Complications of ICH include cerebral edema, increased intracranial pressure, hydrocephalus, seizures, venous thrombotic events, hyperglycemia, increased blood pressure, fever, and infections.[33] Patients with ICH, especially women, have a risk of thromboembolic disease.[21] Almost one-third of patients with ICH develop pulmonary complications such as pneumonia, aspiration, and pulmonary edema, respiratory failure, and respiratory distress. About 4% of patients with ICH suffer a cardiac complication such as myocardial infarction, atrial fibrillation, ventricular fibrillation, ventricular tachycardia, stress-induced cardiomyopathy, and acute heart failure.[34]

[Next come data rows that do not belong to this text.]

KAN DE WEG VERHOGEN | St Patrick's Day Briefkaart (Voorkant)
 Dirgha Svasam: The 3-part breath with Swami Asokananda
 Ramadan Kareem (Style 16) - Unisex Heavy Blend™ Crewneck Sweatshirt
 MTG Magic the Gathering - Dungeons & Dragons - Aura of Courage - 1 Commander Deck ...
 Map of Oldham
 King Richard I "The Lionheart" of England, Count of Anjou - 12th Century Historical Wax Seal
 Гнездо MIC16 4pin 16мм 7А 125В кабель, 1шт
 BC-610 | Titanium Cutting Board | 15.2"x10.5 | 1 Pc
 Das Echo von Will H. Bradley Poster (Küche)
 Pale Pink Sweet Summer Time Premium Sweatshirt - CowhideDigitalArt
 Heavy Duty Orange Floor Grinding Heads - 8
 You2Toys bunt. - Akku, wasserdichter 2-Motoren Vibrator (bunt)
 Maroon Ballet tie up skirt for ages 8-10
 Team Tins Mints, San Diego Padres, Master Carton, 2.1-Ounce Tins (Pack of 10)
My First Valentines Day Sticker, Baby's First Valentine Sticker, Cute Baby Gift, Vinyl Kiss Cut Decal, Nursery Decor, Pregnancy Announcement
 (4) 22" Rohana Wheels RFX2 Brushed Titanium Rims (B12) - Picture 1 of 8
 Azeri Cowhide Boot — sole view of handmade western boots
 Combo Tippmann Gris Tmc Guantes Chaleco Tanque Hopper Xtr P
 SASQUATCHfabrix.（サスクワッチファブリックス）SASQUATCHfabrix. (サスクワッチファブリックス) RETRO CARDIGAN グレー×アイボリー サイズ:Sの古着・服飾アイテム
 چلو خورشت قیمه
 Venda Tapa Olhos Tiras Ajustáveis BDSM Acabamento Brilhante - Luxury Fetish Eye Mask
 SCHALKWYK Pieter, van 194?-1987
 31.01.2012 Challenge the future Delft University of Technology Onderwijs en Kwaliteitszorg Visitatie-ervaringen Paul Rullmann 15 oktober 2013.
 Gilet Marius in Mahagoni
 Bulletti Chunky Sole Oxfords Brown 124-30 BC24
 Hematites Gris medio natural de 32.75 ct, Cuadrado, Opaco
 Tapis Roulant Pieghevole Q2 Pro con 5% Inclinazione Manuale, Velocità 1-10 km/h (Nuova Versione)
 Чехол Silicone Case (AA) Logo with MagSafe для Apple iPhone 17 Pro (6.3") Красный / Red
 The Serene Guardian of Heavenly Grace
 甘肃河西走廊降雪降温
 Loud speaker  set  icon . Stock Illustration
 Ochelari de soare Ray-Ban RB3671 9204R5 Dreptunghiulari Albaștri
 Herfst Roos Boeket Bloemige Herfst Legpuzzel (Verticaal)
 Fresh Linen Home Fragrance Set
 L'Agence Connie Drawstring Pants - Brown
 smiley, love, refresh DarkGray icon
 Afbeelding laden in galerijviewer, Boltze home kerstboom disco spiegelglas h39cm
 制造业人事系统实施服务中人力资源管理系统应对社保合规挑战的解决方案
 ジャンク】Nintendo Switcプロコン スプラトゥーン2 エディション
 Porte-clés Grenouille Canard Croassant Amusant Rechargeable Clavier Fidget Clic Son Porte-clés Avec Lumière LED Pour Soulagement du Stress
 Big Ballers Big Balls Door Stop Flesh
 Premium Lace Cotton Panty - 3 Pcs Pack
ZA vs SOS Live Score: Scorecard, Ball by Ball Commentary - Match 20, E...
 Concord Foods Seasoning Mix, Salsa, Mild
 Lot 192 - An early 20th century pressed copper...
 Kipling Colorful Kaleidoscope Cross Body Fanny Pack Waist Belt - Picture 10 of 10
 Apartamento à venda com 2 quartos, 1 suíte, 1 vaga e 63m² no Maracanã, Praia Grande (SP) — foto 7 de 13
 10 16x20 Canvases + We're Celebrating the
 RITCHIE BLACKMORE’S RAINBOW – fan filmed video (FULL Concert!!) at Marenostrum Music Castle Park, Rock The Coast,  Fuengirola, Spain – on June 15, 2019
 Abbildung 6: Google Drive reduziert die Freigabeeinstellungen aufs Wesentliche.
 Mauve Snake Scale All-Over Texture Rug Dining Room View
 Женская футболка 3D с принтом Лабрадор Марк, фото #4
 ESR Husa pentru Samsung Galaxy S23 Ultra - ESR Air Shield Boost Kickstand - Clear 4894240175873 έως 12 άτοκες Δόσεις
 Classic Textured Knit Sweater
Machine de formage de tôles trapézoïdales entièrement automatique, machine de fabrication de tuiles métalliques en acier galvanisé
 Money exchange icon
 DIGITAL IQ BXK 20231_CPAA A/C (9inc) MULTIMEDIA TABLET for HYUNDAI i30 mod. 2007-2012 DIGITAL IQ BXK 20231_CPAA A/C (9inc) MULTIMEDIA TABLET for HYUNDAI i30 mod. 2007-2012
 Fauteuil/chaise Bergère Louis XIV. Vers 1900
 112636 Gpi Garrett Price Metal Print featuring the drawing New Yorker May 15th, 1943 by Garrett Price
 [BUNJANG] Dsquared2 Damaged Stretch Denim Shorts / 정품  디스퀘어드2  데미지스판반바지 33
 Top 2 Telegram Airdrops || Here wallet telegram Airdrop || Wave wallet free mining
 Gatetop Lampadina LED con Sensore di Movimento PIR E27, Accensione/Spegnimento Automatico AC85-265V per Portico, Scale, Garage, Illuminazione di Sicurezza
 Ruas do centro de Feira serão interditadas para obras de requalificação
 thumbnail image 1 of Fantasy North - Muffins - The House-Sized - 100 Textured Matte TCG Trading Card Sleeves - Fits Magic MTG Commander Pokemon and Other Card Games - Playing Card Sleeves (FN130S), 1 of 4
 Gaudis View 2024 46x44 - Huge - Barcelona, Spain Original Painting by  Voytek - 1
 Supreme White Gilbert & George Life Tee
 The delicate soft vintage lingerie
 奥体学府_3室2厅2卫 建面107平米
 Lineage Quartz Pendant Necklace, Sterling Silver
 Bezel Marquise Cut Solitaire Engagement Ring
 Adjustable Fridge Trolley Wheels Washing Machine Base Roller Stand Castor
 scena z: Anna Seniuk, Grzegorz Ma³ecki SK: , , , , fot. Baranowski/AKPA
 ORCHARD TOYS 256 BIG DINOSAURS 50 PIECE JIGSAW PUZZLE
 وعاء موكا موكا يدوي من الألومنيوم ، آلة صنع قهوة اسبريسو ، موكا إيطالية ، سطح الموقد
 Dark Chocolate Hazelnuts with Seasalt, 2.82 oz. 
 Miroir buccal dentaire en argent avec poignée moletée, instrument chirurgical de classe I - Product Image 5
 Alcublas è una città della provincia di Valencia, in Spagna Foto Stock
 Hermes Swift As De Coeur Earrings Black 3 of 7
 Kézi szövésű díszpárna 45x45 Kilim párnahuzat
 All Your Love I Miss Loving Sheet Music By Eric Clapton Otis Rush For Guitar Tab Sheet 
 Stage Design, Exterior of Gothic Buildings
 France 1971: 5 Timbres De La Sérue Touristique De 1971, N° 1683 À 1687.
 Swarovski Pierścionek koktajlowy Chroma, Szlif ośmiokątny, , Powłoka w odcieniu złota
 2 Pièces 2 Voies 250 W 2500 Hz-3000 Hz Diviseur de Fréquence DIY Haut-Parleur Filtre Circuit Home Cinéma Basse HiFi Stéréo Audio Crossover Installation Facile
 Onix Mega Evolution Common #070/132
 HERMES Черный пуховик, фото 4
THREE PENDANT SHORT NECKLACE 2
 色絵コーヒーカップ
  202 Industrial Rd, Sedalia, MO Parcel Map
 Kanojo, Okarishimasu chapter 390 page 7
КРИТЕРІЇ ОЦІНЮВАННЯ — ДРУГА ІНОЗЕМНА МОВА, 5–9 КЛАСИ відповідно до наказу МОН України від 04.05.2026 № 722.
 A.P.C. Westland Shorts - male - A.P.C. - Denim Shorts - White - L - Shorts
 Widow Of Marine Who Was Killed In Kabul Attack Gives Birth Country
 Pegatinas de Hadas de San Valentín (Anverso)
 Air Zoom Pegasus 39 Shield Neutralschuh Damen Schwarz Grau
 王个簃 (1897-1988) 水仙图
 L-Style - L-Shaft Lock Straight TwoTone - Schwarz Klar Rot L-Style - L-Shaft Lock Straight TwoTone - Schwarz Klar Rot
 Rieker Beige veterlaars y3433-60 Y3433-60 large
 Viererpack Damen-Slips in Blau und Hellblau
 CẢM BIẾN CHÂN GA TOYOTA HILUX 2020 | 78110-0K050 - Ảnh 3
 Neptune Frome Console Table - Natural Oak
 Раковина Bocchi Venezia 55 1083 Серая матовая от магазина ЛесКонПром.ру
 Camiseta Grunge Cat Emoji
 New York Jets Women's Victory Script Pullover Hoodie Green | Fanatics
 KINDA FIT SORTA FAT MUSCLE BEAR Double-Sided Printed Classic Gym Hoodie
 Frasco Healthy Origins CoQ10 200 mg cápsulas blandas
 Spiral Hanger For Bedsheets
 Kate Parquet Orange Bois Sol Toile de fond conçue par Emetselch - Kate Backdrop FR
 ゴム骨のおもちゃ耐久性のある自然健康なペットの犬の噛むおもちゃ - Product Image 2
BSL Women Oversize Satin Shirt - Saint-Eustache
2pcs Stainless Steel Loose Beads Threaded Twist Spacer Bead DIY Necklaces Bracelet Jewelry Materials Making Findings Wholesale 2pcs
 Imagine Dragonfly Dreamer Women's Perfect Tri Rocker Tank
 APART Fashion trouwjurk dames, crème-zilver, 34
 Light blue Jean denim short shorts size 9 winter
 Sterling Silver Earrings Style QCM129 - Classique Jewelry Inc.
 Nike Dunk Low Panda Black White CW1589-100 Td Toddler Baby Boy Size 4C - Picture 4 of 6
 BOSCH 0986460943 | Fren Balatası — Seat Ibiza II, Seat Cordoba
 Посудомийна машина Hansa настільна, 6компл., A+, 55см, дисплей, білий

Vasospasm, ischemia, rebleeding, seizure, hyponatremia, and hydrocephalus are the complications of SAH. Neurogenic pulmonary edema, an increase in interstitial and alveolar fluid, commonly occur in subarachnoid hemorrhage.

Deterrence and Patient Education

There is a chance of recurrence of ICH. Hypertension and old age are risk factors. BP should be controlled. Lifestyle modifications should be advised viz. avoidance of alcohol, tobacco, and illicit drugs. Continued multidisciplinary rehabilitation should be done.

Enhancing Healthcare Team Outcomes

Patients with hemorrhagic stroke should be managed in a dedicated stroke unit with emergency and critical care, neurology and neurosurgery, and neuroradiology for the best outcome. The intensivists, physicians, and critical care nurses should be well versed in emergency neurological life support (ENLS). This is especially needed in low- and middle-income countries. The surgical methods should be done and assessed in a standardized manner. More trials are needed to confirm the role and usefulness of surgical interventions. Cognitive rehabilitation therapy (CRT) also should be given to the survivors.